On 3/23/2017 11:43 PM, Robert Wessel wrote:
Quoted text here. Click to load it

Interesting.  I'm not sure it's limited to two threads per processor  
rather than just two threads.  Even if they are on separate processors  
it's the same problem and the same limit, no?

The situation I am looking at resolving is a technique where rather than  
using a pipeline of length N to allow N-fold improvements in speed  
(other than when the pipeline has to be flushed) it can be used to get  
N-fold improvements in clock speed, but treating the CPU as N  
processors.  They are time-sliced if you will.  It also relieves a lot  
of the complexity of detecting problems and contingencies in the  
pipeline streamlining it that much more.  But...
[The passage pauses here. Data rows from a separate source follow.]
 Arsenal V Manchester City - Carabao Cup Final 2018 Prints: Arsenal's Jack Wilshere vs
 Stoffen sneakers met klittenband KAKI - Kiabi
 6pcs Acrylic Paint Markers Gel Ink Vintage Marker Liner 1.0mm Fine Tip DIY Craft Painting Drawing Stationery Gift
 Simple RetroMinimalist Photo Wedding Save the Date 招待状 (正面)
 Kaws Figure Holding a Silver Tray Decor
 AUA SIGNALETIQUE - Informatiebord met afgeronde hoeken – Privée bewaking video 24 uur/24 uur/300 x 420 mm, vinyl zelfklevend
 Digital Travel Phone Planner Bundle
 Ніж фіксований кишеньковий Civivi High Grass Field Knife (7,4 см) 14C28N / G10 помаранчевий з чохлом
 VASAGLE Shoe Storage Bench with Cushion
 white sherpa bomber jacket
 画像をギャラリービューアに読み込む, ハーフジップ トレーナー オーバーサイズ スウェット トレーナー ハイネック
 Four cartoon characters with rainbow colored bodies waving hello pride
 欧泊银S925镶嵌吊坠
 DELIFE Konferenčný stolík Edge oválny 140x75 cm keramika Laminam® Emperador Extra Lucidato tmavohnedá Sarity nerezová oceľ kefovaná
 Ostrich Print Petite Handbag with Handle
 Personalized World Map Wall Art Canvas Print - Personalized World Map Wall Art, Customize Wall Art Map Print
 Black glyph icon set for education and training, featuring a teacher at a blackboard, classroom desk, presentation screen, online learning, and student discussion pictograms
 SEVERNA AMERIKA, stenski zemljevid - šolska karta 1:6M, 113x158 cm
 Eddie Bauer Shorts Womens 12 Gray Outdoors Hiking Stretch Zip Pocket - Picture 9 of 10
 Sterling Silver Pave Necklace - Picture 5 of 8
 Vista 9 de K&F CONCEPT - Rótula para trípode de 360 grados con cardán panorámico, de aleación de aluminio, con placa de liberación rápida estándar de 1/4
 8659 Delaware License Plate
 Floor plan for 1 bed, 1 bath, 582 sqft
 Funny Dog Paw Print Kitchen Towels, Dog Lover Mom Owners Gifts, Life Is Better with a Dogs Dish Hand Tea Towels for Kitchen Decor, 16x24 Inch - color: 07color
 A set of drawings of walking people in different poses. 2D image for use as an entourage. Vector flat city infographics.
When someone was proposing this design some time back another poster was  
insistent the design required an instruction level mutex, if I am using  
the term right.  I don't recall the details of what he wrote, but I've  
always wondered how important this is.

One of the things that can further streamline a processor is to make all  
instructions single cycle, truly single cycle.  So a read-modify-write  
instruction may be hard to implement depending on the memory used.  But  
in the context of the above multi-processor design, if the RMW  
instruction takes multiple clock cycles, it would not be truly  
uninterrupted since the other N-1 processors would all get a clock (and  
an instruction) between the multiple clocks of the RWM instruction.

I need to bat this around in my head a bit more I think.


Quoted text here. Click to load it

LL/SC???  Low level, s.... c...?

--  

Rick C

Re: Speaking of Multiprocessing...

Quoted text here. Click to load it


It's two threads, on one processor or two.  Many discussion of
Dekker's don't really consider software threads (as we know them
today), as it predates common support for that in OSs.  Call it two
competitors for the lock.


Quoted text here. Click to load it


This is one of the oldest, if not the very oldest, multi-threading
technique for processors, dating back to the PPUs on the CDC-6600
(circa 1965).  The PPUs were 10 time-sliced "threads" on the I/O
processor.


Quoted text here. Click to load it


As soon as you have memory or FP, not all instructions are single
cycle any more.  But as described below, LL/SC is the standard way of
avoiding having a RMW instruction.

It is important to understand how much synchronization you need
between the threads.  If the individual tasks are very independent,
and need little or no synchronization with tasks running on other
threads, then you need only weak support for such in the hardware (and
your code would probably run well on a GPU).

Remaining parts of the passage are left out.